Hi Jasmine, thank you, as always, for your insights into our cultural signals and what they tell us about ourselves. They are always thought-provoking and often challenging!

The idea that everything is ‘porn’ these days particularly resonated and has ties, I think, to another article of yours that has stayed with me, about temporal dissonance.

If we live in a world where we are increasingly disconnected from the stories and beliefs that have always anchored us, then searching for, and leaning into, real intimacy is not only difficult, it feels almost reckless.

What we are left with is performance, because what else is there in a world where truth is malleable, and nothing stands still? With little else to fall back on, we pretend intimacy, so that we can shine a light on ourselves and maybe give our lives (at least in our own eyes) some kind of meaning, even if it is without the deep connection and reassurance that intimacy offers in its truest form.
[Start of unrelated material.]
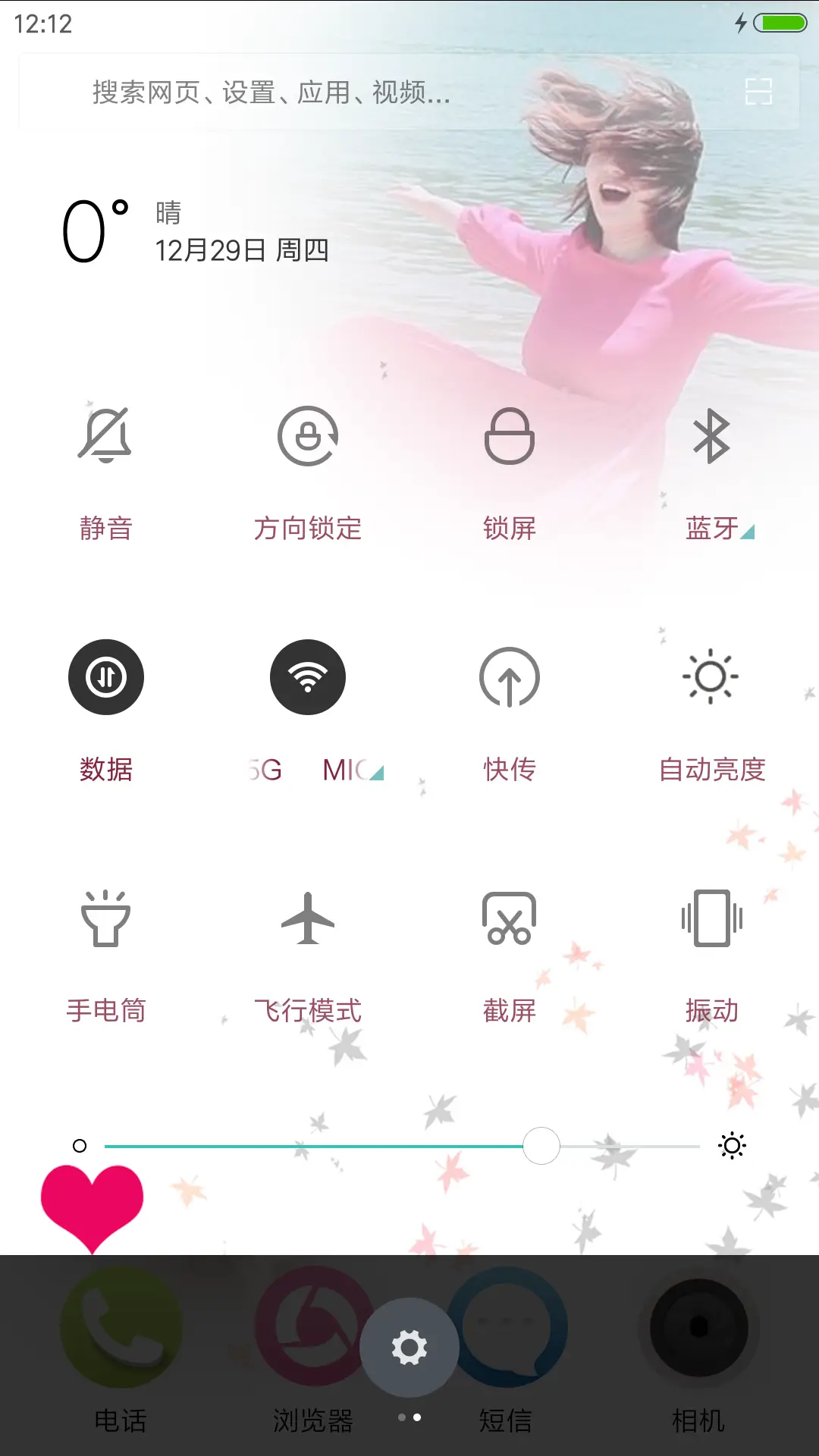 爱在等待彼岸花开 - Screenshot 5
Worse, for some of us, porn is addictive, leading to escalation, desensitisation, and - ultimately - dysfunction. In other words, the act becomes the prevailing narrative, at the cost of feeling, and to the detriment of our relationships and any prospect of intimacy.

So, is it okay to want the show sometimes? Of course it is. As you point out, it’s human. But when we stop identifying the act as the show? When we start thinking that the show is all there is? That’s when we have a problem.
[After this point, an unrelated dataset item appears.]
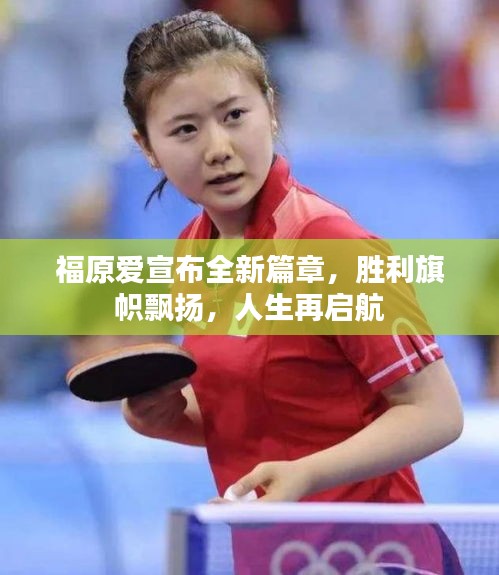 福原愛宣布全新篇章，勝利旗幟飄揚，人生再啟航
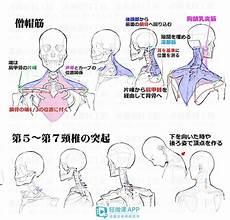 十大排名虚拟歌姬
And I’m concerned that that is where we’ve landed. Maybe, through language, we can pull things back a little. After all, if we find the words to describe something (and ‘porn’ is a wonderfully effective word for separating act from feeling), then we are better placed to identify it, and, hopefully, to treat with it.

But, deep down, I think more is needed. If we are to reacquaint ourselves with intimacy, then we need to explore it and understand how feeling differs from act.
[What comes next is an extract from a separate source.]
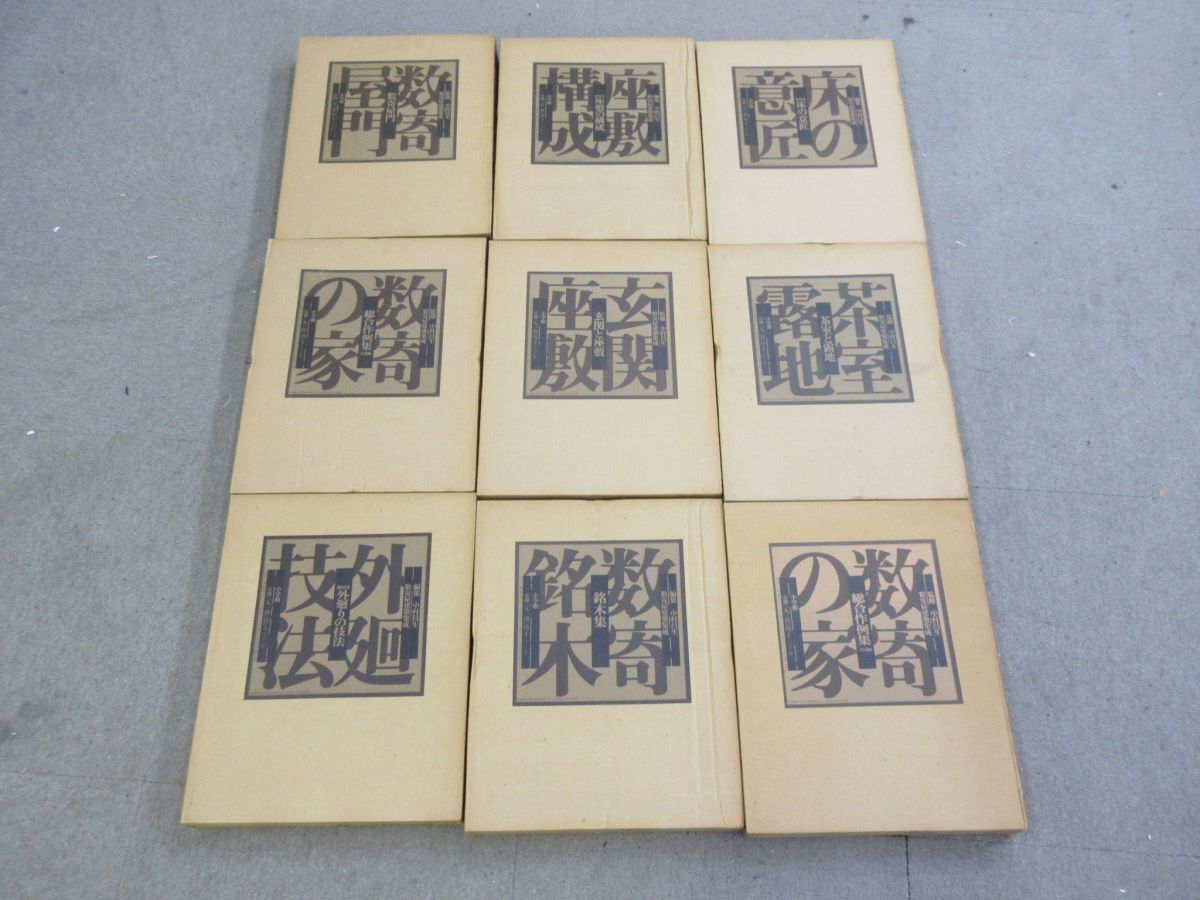 Yahoo!オークション -「数寄屋建築集成」の落札相場・落札価格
For me, the only possible starting place for this is education. But for that to work, we need to flip the system, giving a back seat (at least until upper-secondary and tertiary level) to the acquiring of subject-specific knowledge, which, in the age of AI, is no longer the commodity it once was.

Instead we should be teaching our kids how to talk to each other, how to visit all sides of a conversation, and how to examine their thoughts and beliefs (their biases) critically, so that they can understand why their stories have become so fragmented and how (for want of a better word) they can 'unjumble' act from feeling, performance from truth, porn from intimacy.

It’s something I’ve started to write on, and I do want to thank you again for the insights you constantly provide about our culture and society. The articles you and your co-creators at the Concept Bureau provide always help to remind me of the lasting importance of ideas, and - even more - the absolute need to share them, and to talk about them.

Contessa Boorman's avatar

I literally blocked time in my calendar today to make sure I went back and read this - always love your writing, makes me think in new ways. Thank you for putting out this work!